Europe's main stockmarket indices are near their best levels of the day, tracking fresh gains on Wall Street and helped by the release of slightly better-than-expected economic data on the Continent.

Nonetheless, analysts and economists were for the most part quite downbeat when it came to the latter, although some analysts appeared to be of the opinion that 'bad news is good news', in so far as it might result in more dovish central banks.
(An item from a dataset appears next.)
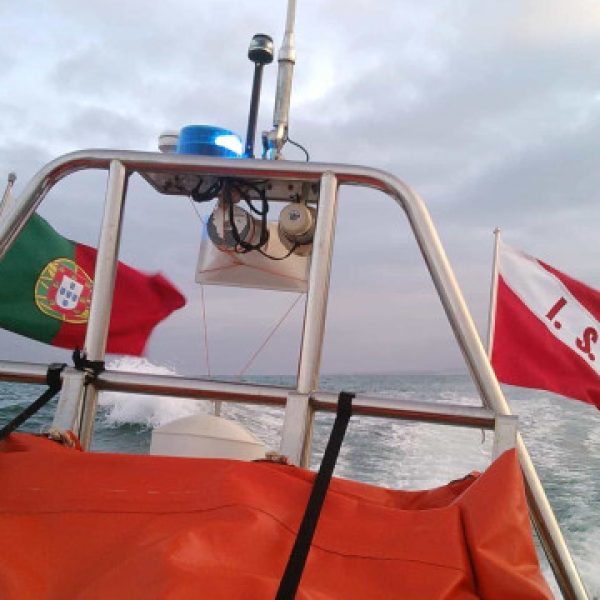 "It will have been a sea blow." Searches for the 3 fishermen end for today.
On that note, IG's Chris Beauchamp told clients: "Alphabet's numbers put something of a dampener on the mood yesterday, but there has been little to stop this equity rally over the past month, and in the grand scheme of things, Alphabet's forecasts of higher spending are easily outweighed by the better US economic data and a dovish Fed.

"Speaking of central banks, today's UK services PMI should prompt the BoE to be a touch more cautious on the UK economy, while the dire German figures might also cause disquiet at the ECB. But the slowdown seems global, which will have investors hoping that the Fed won’t be alone in its turn towards dovishness."

Investors were also looking past a spate of poor corporate update from several top names in the European semiconductor space.

As of 1430 GMT, the benchmark Stoxx 600 was up by 0.97% or 3.51 points to 363.45, alongside an advance of 1.24% or 139.33 points to 11,316.87 for the German Dax and an advance of 1.31% or 65.31 points to 5,065.50 for the French Cac-40.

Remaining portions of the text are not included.